Highbrow trumped Hollywood at the Venice film festival this year, with Russian director Alexander Sokurov's demanding German-language "Faust" taking top prize and Roman Polanski and George Clooney overlooked.
Most prizes at Saturday's closing ceremony went to less-than-familiar names and faces, with the exception of rising Irish star Michael Fassbender's best actor award for "Shame."
The Silver Lion for best director was awarded to China's Shangjun Cai for his gritty "People Mountain People Sea," best actress went to Hong Kong's Deanie Ip and the jury prize went to Italian immigration drama "Terraferma."
Surprisingly overlooked was Roman Polanski's "Carnage," a comedy of manners featuring a stellar cast of Jodie Foster, Kate Winslet, Christoph Waltz and John C. Reilly.
Based on a play and set in real time in a single apartment, Carnage is a stinging critique of middle class mores, but also has plenty of humor including Winslet's memorable projectile vomit scene.
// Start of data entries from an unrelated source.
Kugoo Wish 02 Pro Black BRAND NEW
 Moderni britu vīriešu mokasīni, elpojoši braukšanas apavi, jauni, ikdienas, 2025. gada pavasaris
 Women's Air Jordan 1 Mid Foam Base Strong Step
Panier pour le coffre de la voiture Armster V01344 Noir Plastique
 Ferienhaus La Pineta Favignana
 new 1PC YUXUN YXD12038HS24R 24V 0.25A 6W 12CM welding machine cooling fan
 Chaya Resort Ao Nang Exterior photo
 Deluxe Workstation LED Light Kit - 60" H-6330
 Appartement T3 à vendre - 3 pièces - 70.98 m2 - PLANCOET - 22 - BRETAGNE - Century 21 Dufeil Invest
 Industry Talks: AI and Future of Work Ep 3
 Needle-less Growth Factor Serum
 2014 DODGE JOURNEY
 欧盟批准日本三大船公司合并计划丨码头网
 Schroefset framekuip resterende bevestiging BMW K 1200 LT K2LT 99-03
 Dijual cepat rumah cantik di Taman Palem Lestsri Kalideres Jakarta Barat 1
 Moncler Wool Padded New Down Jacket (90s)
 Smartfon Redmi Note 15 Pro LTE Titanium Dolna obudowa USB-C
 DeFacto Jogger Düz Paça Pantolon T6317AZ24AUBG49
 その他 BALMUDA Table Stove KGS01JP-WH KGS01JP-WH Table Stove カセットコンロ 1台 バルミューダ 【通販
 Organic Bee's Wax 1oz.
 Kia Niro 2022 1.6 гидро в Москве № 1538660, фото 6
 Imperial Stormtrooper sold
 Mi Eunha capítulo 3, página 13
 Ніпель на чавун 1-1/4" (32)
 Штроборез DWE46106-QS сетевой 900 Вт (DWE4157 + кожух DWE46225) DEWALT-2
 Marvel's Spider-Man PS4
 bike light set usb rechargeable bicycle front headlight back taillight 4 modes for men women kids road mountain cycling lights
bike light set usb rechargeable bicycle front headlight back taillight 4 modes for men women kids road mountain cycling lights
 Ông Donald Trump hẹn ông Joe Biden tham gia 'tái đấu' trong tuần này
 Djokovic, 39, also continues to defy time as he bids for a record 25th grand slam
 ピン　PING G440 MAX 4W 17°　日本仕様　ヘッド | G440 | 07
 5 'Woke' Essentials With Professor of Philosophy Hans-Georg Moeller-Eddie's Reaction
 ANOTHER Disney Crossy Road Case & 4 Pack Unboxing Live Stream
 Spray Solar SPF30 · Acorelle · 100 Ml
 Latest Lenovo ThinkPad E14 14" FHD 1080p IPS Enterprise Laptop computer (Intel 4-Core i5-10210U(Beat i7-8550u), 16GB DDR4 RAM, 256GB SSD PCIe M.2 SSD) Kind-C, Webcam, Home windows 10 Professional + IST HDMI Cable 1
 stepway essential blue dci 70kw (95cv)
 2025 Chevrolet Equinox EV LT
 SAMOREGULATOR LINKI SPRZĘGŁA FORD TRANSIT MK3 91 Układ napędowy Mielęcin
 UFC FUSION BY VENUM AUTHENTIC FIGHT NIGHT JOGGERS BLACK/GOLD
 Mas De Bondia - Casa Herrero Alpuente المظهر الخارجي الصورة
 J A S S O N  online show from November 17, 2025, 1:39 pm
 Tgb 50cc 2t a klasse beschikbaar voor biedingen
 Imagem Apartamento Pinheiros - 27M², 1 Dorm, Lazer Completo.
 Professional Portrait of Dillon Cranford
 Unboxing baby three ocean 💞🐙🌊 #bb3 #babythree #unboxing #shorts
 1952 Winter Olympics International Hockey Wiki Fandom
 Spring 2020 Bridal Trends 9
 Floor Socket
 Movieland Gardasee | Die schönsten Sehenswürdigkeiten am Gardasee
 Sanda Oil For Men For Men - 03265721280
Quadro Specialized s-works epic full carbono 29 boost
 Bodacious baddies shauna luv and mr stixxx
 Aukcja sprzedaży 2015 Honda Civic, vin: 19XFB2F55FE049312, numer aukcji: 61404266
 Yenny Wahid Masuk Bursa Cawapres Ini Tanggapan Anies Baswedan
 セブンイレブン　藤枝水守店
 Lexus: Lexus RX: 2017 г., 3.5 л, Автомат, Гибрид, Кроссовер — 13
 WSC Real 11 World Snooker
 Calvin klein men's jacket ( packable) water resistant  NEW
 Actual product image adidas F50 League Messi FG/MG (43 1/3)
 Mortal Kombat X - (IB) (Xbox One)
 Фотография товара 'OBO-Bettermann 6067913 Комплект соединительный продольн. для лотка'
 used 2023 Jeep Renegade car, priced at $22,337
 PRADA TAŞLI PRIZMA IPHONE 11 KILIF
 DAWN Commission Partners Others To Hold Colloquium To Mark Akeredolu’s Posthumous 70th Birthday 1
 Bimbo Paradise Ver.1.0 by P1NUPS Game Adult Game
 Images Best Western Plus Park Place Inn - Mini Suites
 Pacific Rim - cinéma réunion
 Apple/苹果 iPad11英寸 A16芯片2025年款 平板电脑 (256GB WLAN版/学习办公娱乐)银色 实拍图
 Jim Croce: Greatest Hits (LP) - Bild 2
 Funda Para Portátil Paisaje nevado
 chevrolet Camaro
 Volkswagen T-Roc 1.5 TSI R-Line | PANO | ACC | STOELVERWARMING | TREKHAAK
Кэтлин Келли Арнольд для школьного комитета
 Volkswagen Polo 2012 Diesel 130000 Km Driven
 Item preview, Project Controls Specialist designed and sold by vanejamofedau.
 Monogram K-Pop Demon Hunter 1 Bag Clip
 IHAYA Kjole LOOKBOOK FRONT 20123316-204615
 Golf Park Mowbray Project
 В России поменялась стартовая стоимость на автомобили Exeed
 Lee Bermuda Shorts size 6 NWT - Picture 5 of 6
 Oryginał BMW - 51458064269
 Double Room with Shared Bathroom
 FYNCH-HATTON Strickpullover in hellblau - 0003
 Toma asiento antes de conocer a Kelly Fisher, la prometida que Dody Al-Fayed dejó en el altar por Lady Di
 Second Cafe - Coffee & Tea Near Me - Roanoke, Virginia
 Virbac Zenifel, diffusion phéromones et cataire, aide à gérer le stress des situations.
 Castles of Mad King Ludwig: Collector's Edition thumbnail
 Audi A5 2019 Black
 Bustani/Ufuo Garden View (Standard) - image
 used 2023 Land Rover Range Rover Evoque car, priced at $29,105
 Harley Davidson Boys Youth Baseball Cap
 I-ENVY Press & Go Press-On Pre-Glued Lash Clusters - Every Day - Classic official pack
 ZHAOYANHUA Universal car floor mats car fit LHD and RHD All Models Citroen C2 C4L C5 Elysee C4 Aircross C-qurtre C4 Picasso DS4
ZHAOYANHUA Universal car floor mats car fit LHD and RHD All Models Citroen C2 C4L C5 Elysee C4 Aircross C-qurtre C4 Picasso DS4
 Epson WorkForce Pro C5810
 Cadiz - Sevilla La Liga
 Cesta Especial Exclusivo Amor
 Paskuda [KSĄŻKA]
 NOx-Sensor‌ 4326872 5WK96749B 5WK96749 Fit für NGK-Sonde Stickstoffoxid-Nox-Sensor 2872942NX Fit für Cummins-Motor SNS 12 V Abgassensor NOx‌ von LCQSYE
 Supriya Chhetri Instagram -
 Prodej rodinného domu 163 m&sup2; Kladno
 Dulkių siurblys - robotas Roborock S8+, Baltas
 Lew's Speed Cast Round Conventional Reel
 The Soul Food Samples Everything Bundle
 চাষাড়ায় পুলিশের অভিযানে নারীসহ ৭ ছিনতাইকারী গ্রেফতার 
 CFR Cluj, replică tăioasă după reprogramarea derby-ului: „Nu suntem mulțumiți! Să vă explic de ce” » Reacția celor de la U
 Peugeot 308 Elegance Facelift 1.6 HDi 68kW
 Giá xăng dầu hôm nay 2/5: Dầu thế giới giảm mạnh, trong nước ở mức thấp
Polanski was not able to travel to Venice to present the movie, given the threat of extradition to the United States where he is still wanted for sentencing in a 1977 sex crime case.
"Many feel that jury head Darren Aronofsky and his compatriot Todd Haynes, both Americans, lacked the courage to give the victory to a colleague who is not liked in the U.S." said a commentary in the La Stampa newspaper.
While Venice is not a platform for blockbusters, it has proved an effective launchpad for U.S. Oscar contenders like Ang Lee's "Brokeback Mountain" and Aronofsky's own "Black Swan" and "The Wrestler."
Festival director Marco Mueller succeeded in attracting a string of A-listers to the red carpet this year after a low-key 2010, although all were bypassed when it came to the prizes.
Among the overlooked contenders was Clooney's political thriller "The Ides of March," which was well received and starred Clooney himself as a governor embroiled in scandal during an election race.
La Repubblica newspaper's headline said Clooney and Polanski had been "snubbed."
"Tinker, Tailor, Soldier, Spy," directed by Sweden's Tomas Alfredson, slipped beneath the radar despite rave reviews for its adaptation of John Le Carre's classic Cold War spy novel.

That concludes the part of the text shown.